-- Opening Marker --

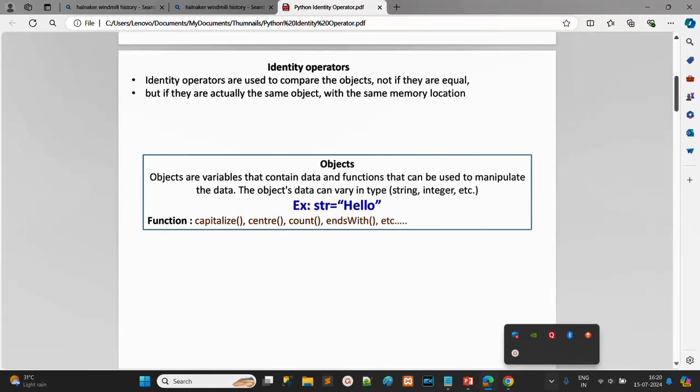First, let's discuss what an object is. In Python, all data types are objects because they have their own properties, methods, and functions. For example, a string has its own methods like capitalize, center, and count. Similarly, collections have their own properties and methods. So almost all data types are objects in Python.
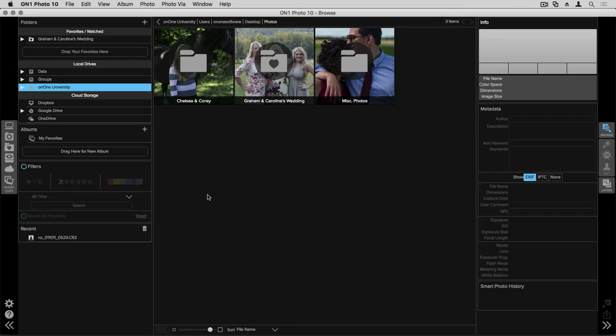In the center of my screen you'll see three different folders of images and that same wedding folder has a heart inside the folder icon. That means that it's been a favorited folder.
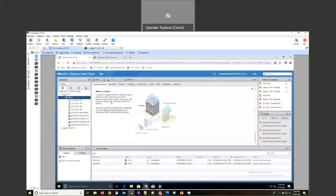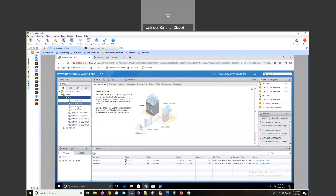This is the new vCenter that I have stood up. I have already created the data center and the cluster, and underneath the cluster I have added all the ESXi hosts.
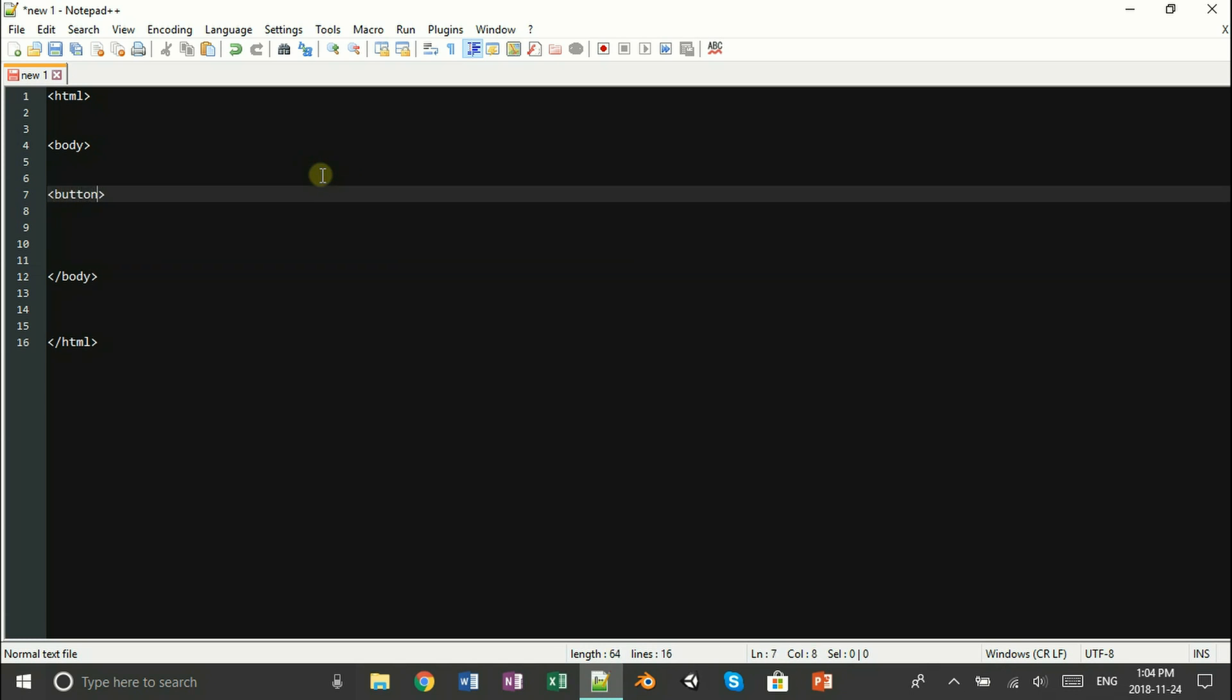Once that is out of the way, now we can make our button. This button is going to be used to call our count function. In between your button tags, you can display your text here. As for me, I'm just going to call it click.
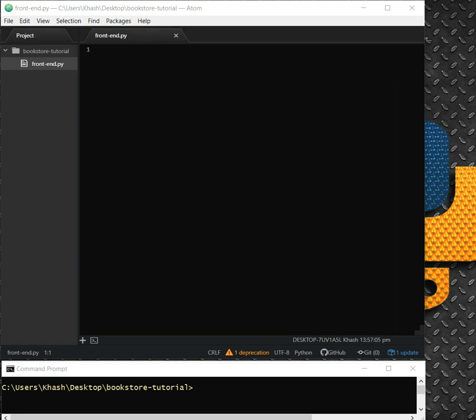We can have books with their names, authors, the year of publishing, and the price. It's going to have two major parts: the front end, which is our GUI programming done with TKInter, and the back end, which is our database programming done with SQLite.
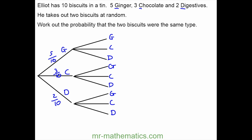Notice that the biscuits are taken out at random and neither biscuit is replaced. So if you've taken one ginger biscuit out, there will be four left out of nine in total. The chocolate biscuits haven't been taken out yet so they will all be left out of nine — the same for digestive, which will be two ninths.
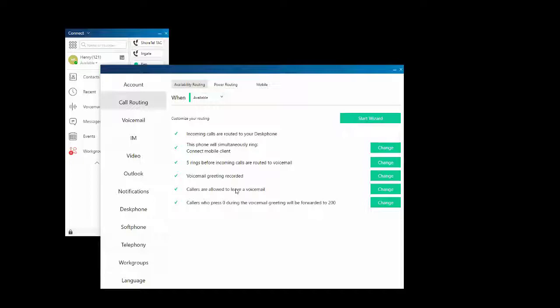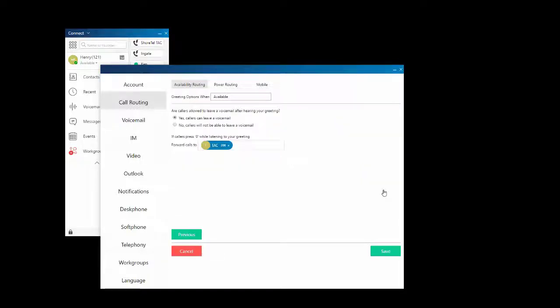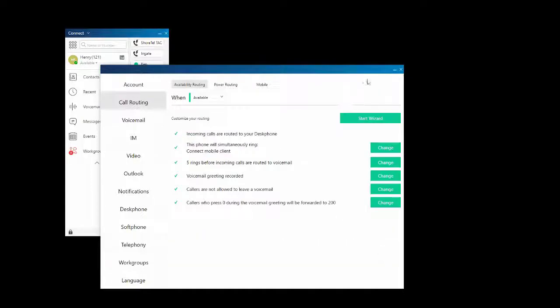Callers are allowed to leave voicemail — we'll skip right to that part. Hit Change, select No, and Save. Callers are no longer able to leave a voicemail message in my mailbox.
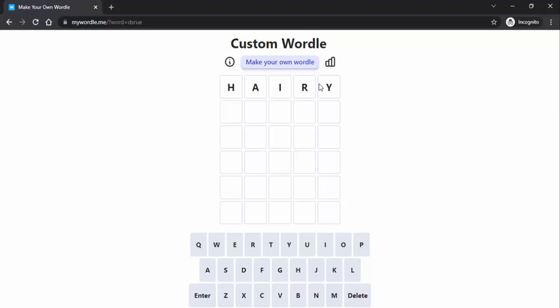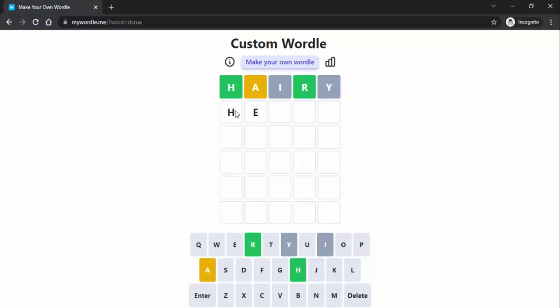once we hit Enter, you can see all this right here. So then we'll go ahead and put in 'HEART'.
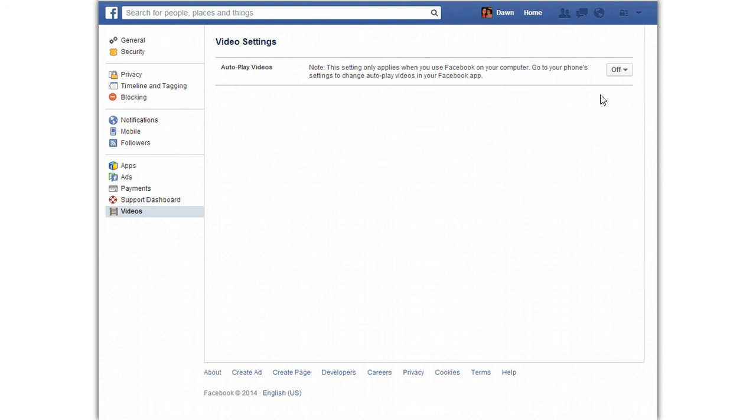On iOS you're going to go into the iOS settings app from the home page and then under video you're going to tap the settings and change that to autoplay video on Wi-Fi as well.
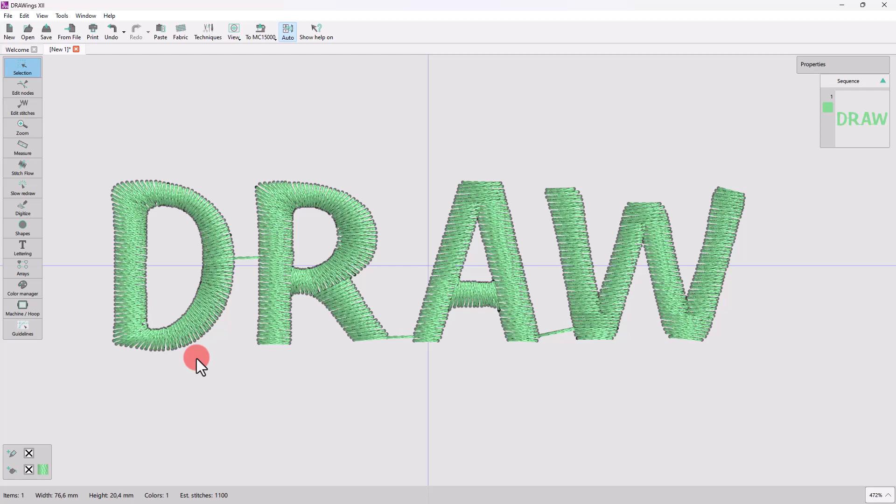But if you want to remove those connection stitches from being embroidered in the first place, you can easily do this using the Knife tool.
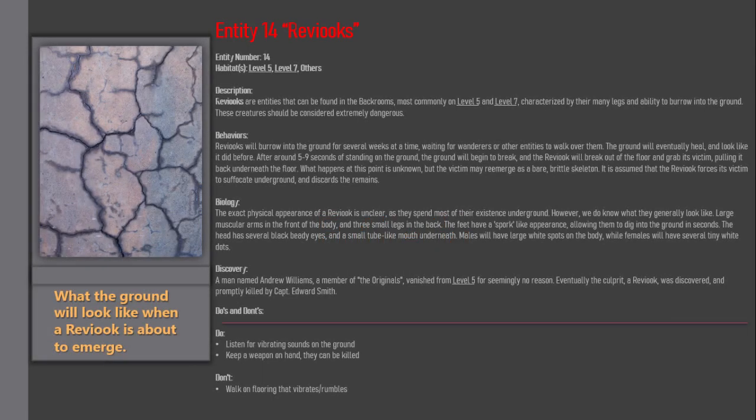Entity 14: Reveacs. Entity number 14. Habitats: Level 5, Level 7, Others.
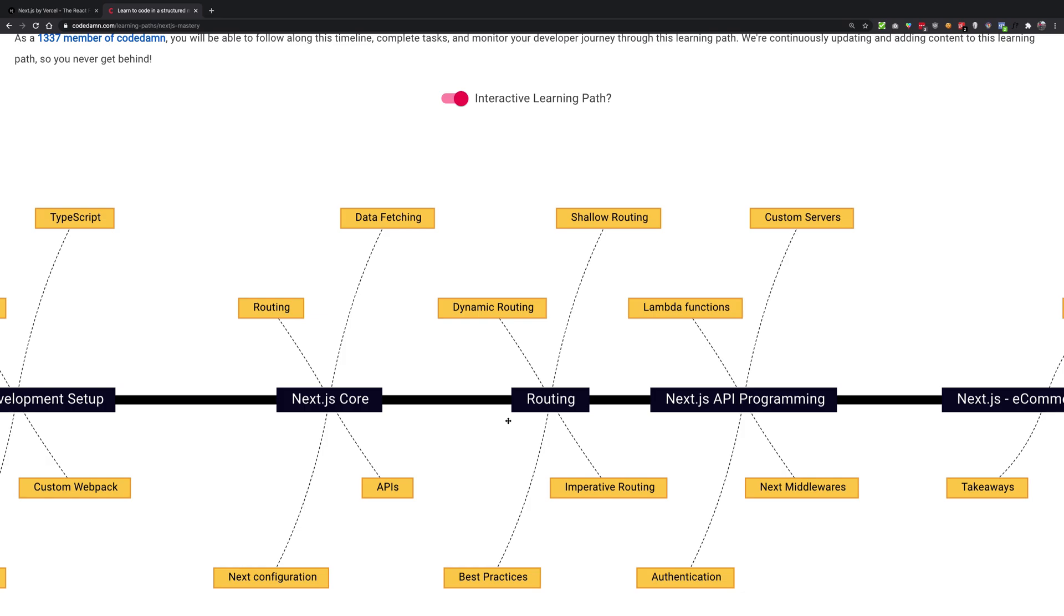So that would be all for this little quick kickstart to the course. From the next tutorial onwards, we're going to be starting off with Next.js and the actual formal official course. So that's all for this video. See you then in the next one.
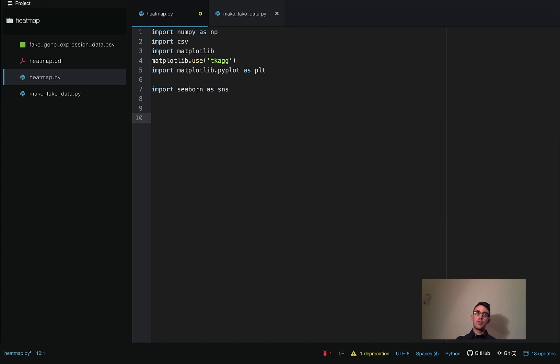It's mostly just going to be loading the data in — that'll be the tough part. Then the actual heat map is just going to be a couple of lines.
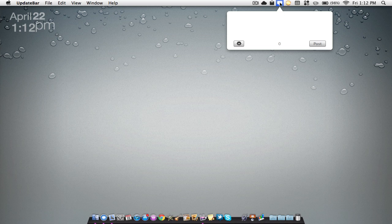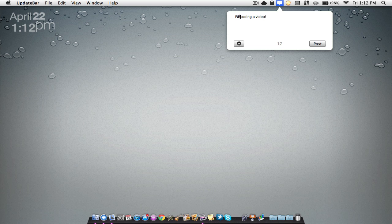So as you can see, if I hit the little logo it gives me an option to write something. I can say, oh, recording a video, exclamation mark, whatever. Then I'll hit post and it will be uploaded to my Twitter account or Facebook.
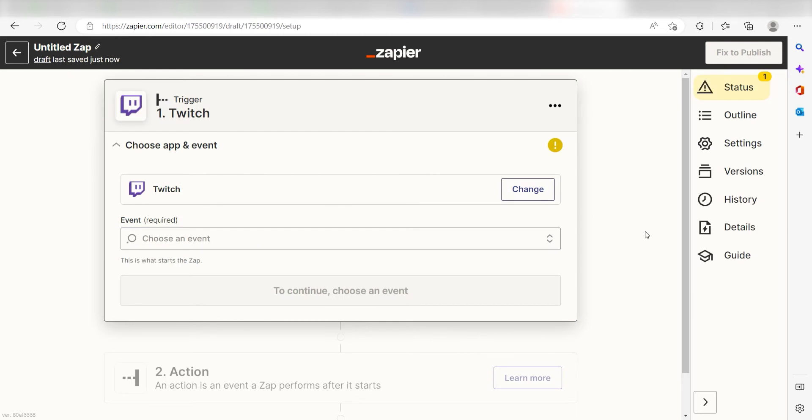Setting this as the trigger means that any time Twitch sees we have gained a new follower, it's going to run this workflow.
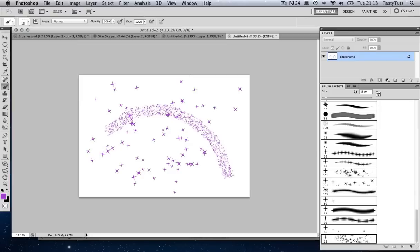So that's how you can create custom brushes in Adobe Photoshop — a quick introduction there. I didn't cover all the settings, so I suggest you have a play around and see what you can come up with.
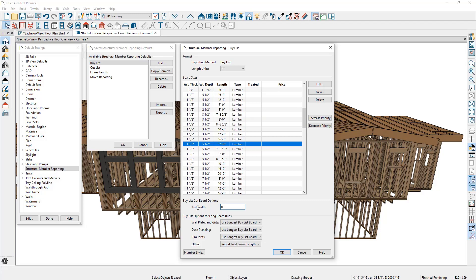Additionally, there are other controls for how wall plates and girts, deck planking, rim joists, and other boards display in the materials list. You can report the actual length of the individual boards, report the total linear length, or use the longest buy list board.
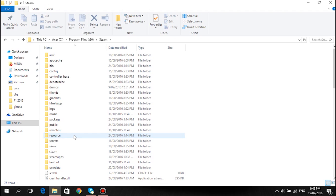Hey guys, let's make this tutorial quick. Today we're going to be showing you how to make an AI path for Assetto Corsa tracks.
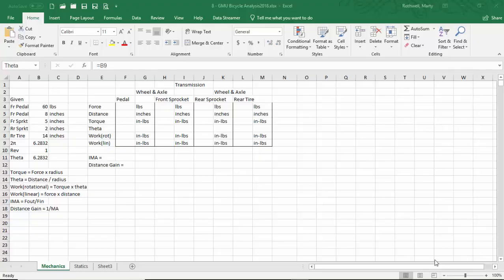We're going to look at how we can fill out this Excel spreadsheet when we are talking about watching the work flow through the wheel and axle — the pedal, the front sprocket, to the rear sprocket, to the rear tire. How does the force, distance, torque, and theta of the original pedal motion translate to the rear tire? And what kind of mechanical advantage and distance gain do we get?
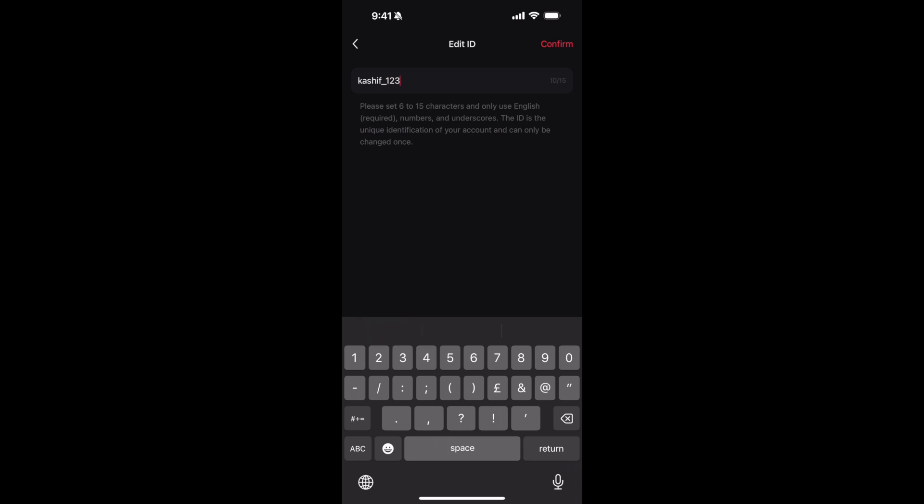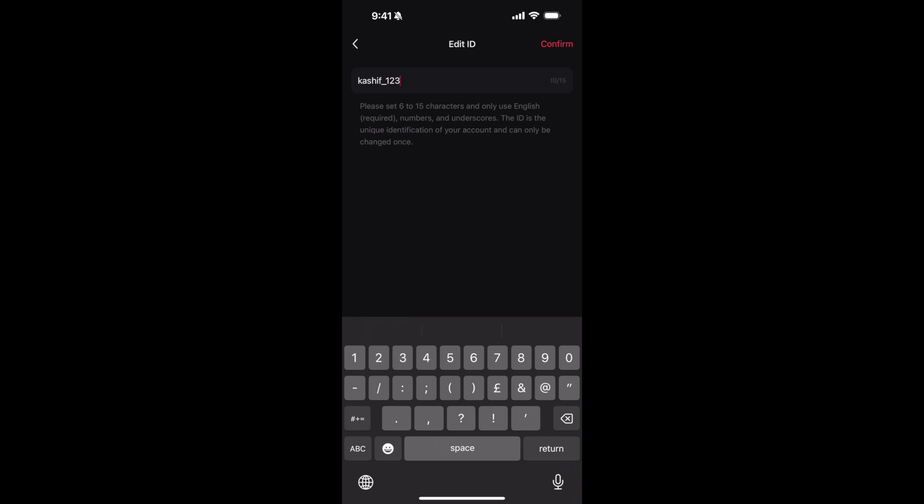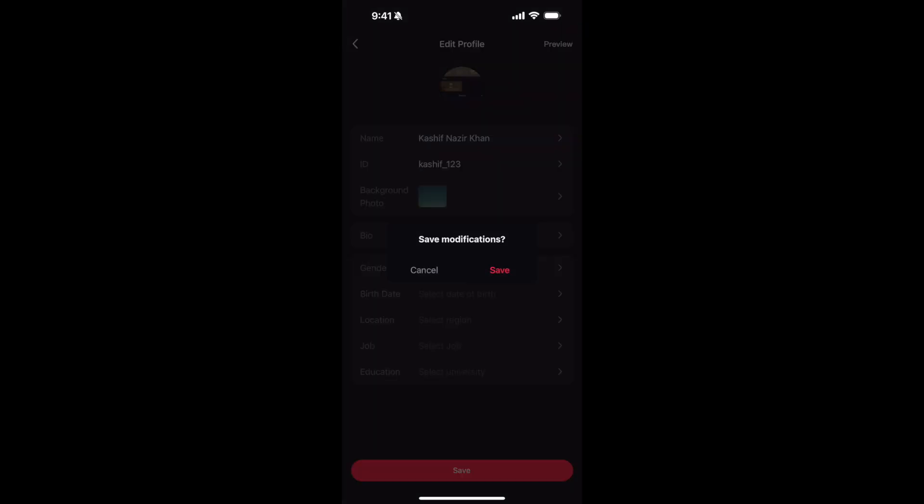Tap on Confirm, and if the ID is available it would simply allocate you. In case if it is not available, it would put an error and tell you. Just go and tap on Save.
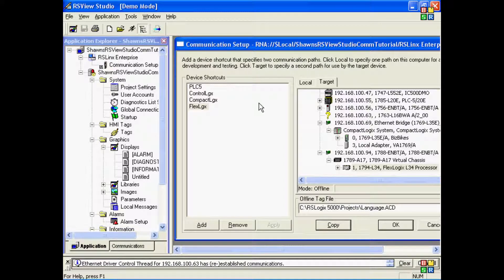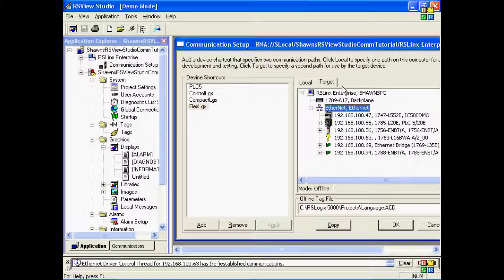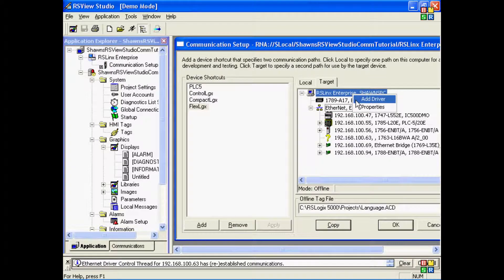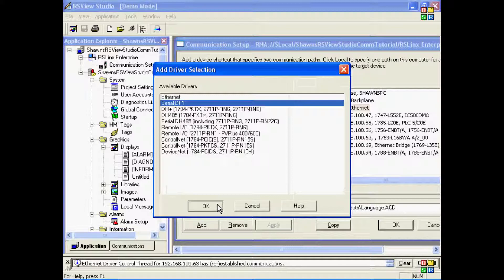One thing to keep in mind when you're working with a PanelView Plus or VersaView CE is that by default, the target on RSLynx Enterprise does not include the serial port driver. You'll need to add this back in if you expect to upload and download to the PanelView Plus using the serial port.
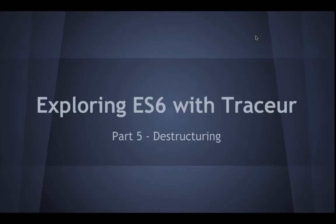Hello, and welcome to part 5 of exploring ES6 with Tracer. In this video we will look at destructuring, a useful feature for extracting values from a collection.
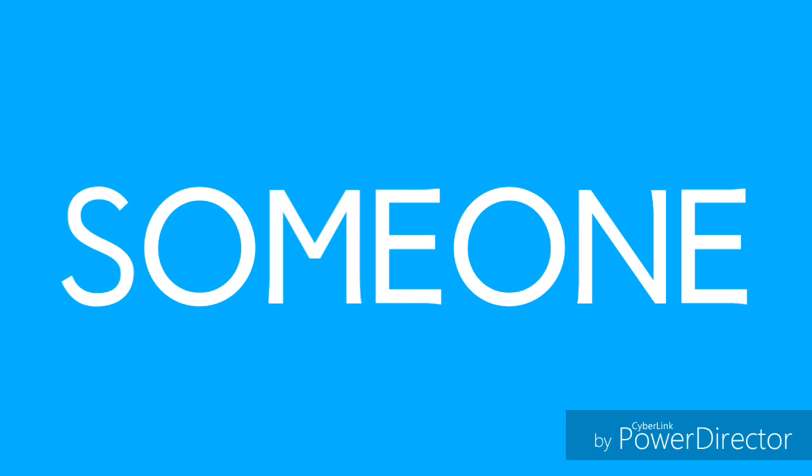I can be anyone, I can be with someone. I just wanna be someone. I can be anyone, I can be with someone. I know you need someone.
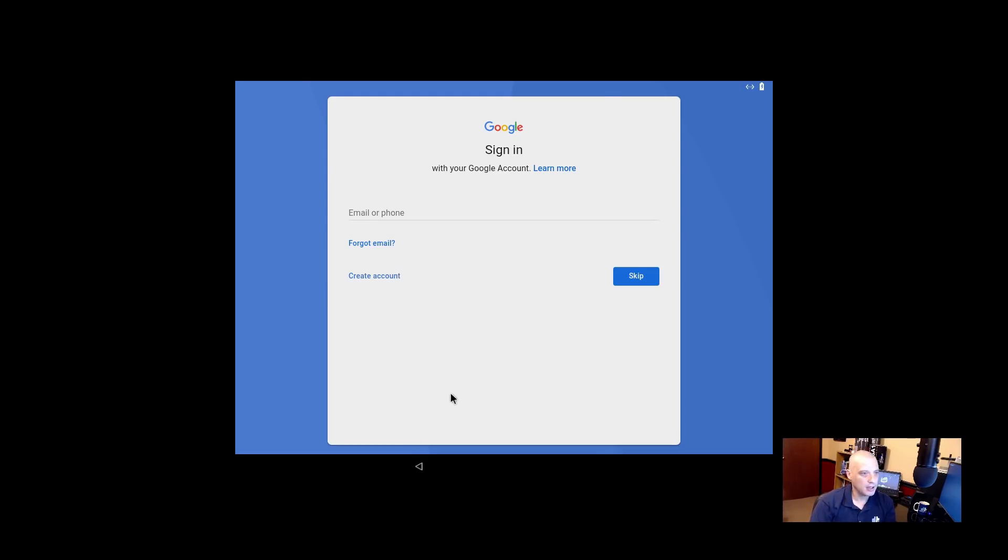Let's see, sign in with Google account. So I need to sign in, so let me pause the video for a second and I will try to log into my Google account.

-- Closing Marker --

Work task
Every line from the start of the material through the line holding "Once that is" must be returned exactly, and the pictures must not.

Answer space
First, let's discuss what an object is. In Python, all data types are objects because they have their own properties, methods, and functions. For example, a string has its own methods like capitalize, center, and count. Similarly, collections have their own properties and methods. So almost all data types are objects in Python.
In the center of my screen you'll see three different folders of images and that same wedding folder has a heart inside the folder icon. That means that it's been a favorited folder.
This is the new vCenter that I have stood up. I have already created the data center and the cluster, and underneath the cluster I have added all the ESXi hosts.
Once that is out of the way, now we can make our button. This button is going to be used to call our count function. In between your button tags, you can display your text here. As for me, I'm just going to call it click.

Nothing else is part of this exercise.